Ambruknya atap bangunan SDN Cilaja 4, diduga karena faktor cuaca ekstrem, yakni hujan deras disertai angin kencang.
Kepala SDN Cilaja 4, Junaeini mengaku, kaget saat mendengar kabar atap sekolah ambruk.
“Atap yang ambruk ini tiga ruang kelas, yaitu kelas 4,5, dan kelas 6,” katanya kepada RADARBANTEN.CO.ID, Jumat 23 Desember 2022.

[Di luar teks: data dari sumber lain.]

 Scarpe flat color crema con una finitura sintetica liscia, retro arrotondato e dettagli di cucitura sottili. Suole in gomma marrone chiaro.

Junaeini menjelaskan, kondisi ruang kelas saat itu hanya mengalami kerusakan ringan. Untuk itu, dirinya bersama para guru tidak menyangka bangunan tersebut ambruk.
“Kalau tidak salah ini bangunan hasil rehab tahun 2012, jadi kalau dihitung waktu baru 10 tahun. Waktu kejadian, kondisi cuaca dari kemarin hingga pagi tadi hujan besar disertai angin kencang,” katanya.

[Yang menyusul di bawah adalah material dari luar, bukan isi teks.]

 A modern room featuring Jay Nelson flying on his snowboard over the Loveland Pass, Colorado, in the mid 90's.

Kondisi cuaca ekstrem, kemudian bangunan sudah lama. Atap bangunan terbuat dari penopang rangka baja dan beratapkan genteng tanah. Secara kasatmata, kesimpulannya karena faktor cuaca ekstrem dan sudah dilaporkan kepada Kormin dan Dinas Pendidikan.
“Dari Kormin dan Dinas sudah datang mengecek langsung ke lokasi. Harapannya dapat segera direhabilitasi,” katanya.
Untuk sementara, diungkapkan Junaeini, kegiatan belajar mengajar dibagi siang dan pagi. Jadi nanti ada pembagian kelas belajar untuk kelas 1 dan 2, pagi, sementara 4,5 dan 6 siang hari setelah kelas pulang.
“Untuk aktivitas belajar masih memadai. Karena memang pembelajaran ingin berjalan lancar,” jelasnya.
Kormin Kecamatan Majasari Ida Widianingsih mengatakan, dirinya sudah mengecek kondisi bangunan sekolah yang ambruk bersama Kasi Sarana dan Prasarana SD Dinas Pendidikan Kepemudaan dan Olahraga Kabupaten Pandeglang Hafid Hertian.
“Mudah mudahan tidak lama lagi direhab karena saat ini situasinya kan libur. Mudah-mudahan setelah libur bisa dipergunakan kembali,” harapnya.
Penyebab ambruk karena kondisi cuaca buruk. Menurut Kasi Sapras ambruknya ruang belajar diduga karena penopang baja ringan tidak kuat menahan beban atap genteng tanah.
“Karena gentengnya bukan dari metal tapi genteng tanah. Ini bangunan lama rehab tahun 2012, jadi sudah 10 tahunan dan mudah mudahan cepet diperbaiki,” tukasnya.